# Implementing Corrective RAG: Improving Document Relevance in Language Models

## Introduction

In the rapidly evolving landscape of natural language processing, **Retrieval-Augmented Generation (RAG)** has emerged as a powerful framework for enhancing the capabilities of language models by integrating external knowledge sources. Traditional RAG systems retrieve relevant documents to inform and improve the generation of responses, but they often lack mechanisms to assess the quality and relevance of the retrieved information. This limitation can lead to the generation of inaccurate or irrelevant answers, especially when the retrieved documents do not sufficiently address the user's query.

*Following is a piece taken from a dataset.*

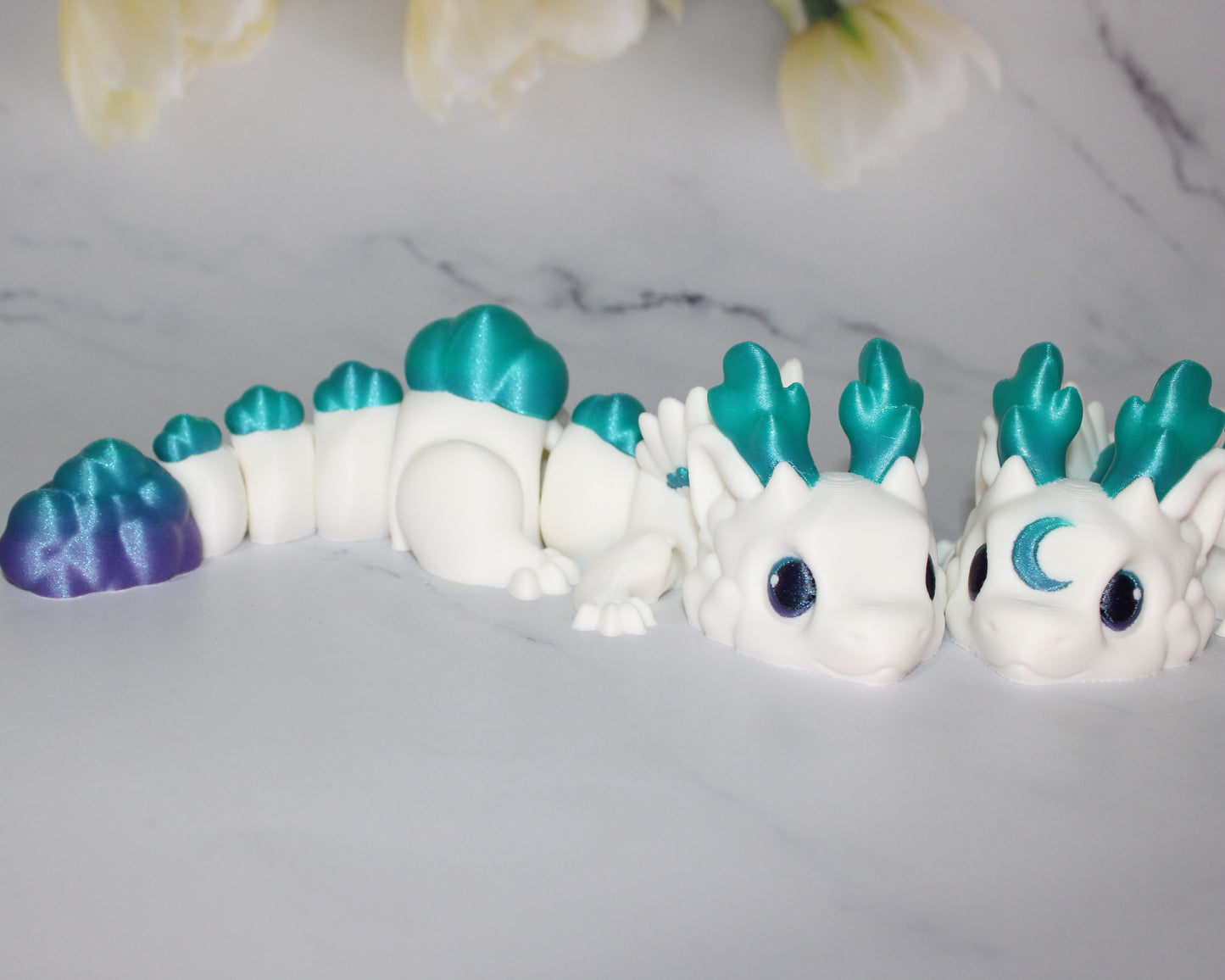 Teen Cloud Dragon 9 inches Long-Articulated 3d Printed Figurine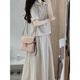 Hanlujiao (hanlujiao) dress for women's summer 2025 new Korean style fashionable temperament slim and age-reducing small person suit skirt summer striped top + apricot skirt M [Suggest 98-108Jin [Jin equals 0.5 kg]]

To address this challenge, the concept of **Corrective RAG (CRAG)** has been introduced. `CRAG` enhances the RAG framework by incorporating self-reflection and self-grading mechanisms to evaluate the relevance of retrieved documents. By assessing each document's pertinence to the user's question, `CRAG` ensures that only the most relevant information is utilized in generating responses. This approach not only improves the accuracy of the generated answers but also reduces the reliance on additional data sources.

In this example, we implement a simplified version of the `CRAG` strategy using LangGraph and LangChain. While the full `CRAG` methodology involves steps such as knowledge refinement and partitioning documents into "knowledge strips," this implementation focuses on the core idea of grading document relevance and supplementing retrieval with web searches when necessary. By leveraging tools like DuckDuckGo for web searches and incorporating query rewriting for optimized searches, this workflow demonstrates how `CRAG` principles can be effectively applied to enhance RAG systems.

## Installing Required Packages

This code block installs the necessary Python packages quietly (`-q`) and upgrades them if they are already installed (`-U`). The packages include various components of `LangChain`, `LangGraph`, `ChromaDB`, and `DuckDuckGo` search tools, which are essential for building and running the Retrieval-Augmented Generation (RAG) workflow.

In [None]:
!pip install -qU langchain-openai
!pip install -qU langchain-anthropic
!pip install -qU langchain_community
!pip install -qU langchain_experimental
!pip install -qU langgraph
!pip install -qU chromadb
!pip install -qU duckduckgo_search

## Loading and Preparing Documents

This block imports necessary modules and sets up the environment to load, split, and vectorize documents from specified URLs. It securely retrieves the OpenAI API key from Kaggle secrets, uses OpenAI embeddings for vectorization, loads documents from the provided URLs, splits them into smaller chunks for efficient processing, and stores them in a Chroma vector database for later retrieval.

In [None]:
from langchain.text_splitter import RecursiveCharacterTextSplitter
from langchain_community.document_loaders import WebBaseLoader
from langchain_community.vectorstores import Chroma
from langchain_openai import OpenAIEmbeddings
from kaggle_secrets import UserSecretsClient

# Load OpenAI API Key securely from Kaggle secrets
my_api_key = UserSecretsClient().get_secret("my-openai-api-key")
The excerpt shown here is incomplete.